But note, I have commenced with the Church. And I am thinking of the Church universal, worldwide. There is no geography in the Church. You understand that? It is not in this mountain or in Jerusalem. There is no geography in the Church. There is no time in the Church. We are here at nearly nine o'clock in the morning. In England, it is eight hours earlier. Take eight from nine and you have one. It is about midnight in that country. You go further west and it is earlier still. But that does not exist in the Church. The Lord never goes to sleep. Darkness and light are both alike to Him. There is no day or night in heaven. Time does not exist with Him. I am very glad about that. Well, we will leave that for the time being. We may show that again at some other time, in some particular connection.

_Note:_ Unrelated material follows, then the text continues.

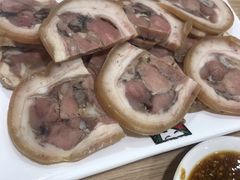 -姥家春饼店(漳州二路店)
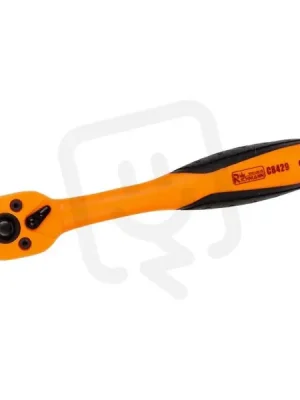 Výhodná Nabídka Ráčna pogumovaná 3/8‘‘ RICHMANN PC8439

We want you to come back to this. Christ is the same at all times in every place. Therefore, the Church is the same. The Church is not American, British, Chinese, Philippine, etc. The Lord does not take notice of that. All that matters to the Lord is that He has a place in the heart, and it does not matter where it is in all the world, or what time it is at all. The Church takes its character from Christ. CHRIST CORPORATE IS THE CHURCH. You have got to prove that Christ is not in me, in order to say that I am not in the Church. And you have no right to say to anybody who has Christ dwelling within, that they do not belong to the Church. Do you understand that? Do you agree with that? We are getting right back behind Christianity to Christ. Right back behind what man calls the Church to Christ.

Now, having spoken of the Church, we are going to speak of the churches. What are the churches? Here we have got to do a lot of rethinking, and make some very big adjustments. Do you know that most people think that the apostles had the idea that they have got to get out to the nations and form churches? They believe, for instance, that the Apostle Paul's business was to go out and form churches everywhere. The real object of Paul was to go out into Asia and into Bithynia and into Galatia and form churches. Their idea was, we must have a church everywhere. Do you believe that? If you think that, you are all wrong. Now do think seriously about this. Because this is going to revolutionize our whole thinking.

What did Paul and the apostles believe was their work? It surely was not to bring churches into being. They believed that their business was to bring Christ into every place. Will you tell me where in the New Testament you have any apostle arriving anywhere saying, 'Now, we have come to form a church. The Lord has sent us to this place in order that we may form a church.' Well, you will spend a lot of time trying to find anything like that in the New Testament. It is not there. There are lots of other things that are not there, which we think are there. Things we have come to teach as being there, and they are not there at all. That is not there; you get back to the Gospel. "And Jesus sent forth His apostles two by two." And it says, "He sent them into every place, where He Himself would go." He has never changed that principle. He does not send us to form churches or set up Christianity. He sends us before His face to bring Himself there. That does not mean that churches have no meaning. But that brings us right to the point. What are churches? They are just people gathered into Christ where He Himself is. The supreme thing is this eternal thought of God, the Presence of the Lord. The Presence of the Lord, that is the purpose of anything that is called the church. And that is the only Purpose.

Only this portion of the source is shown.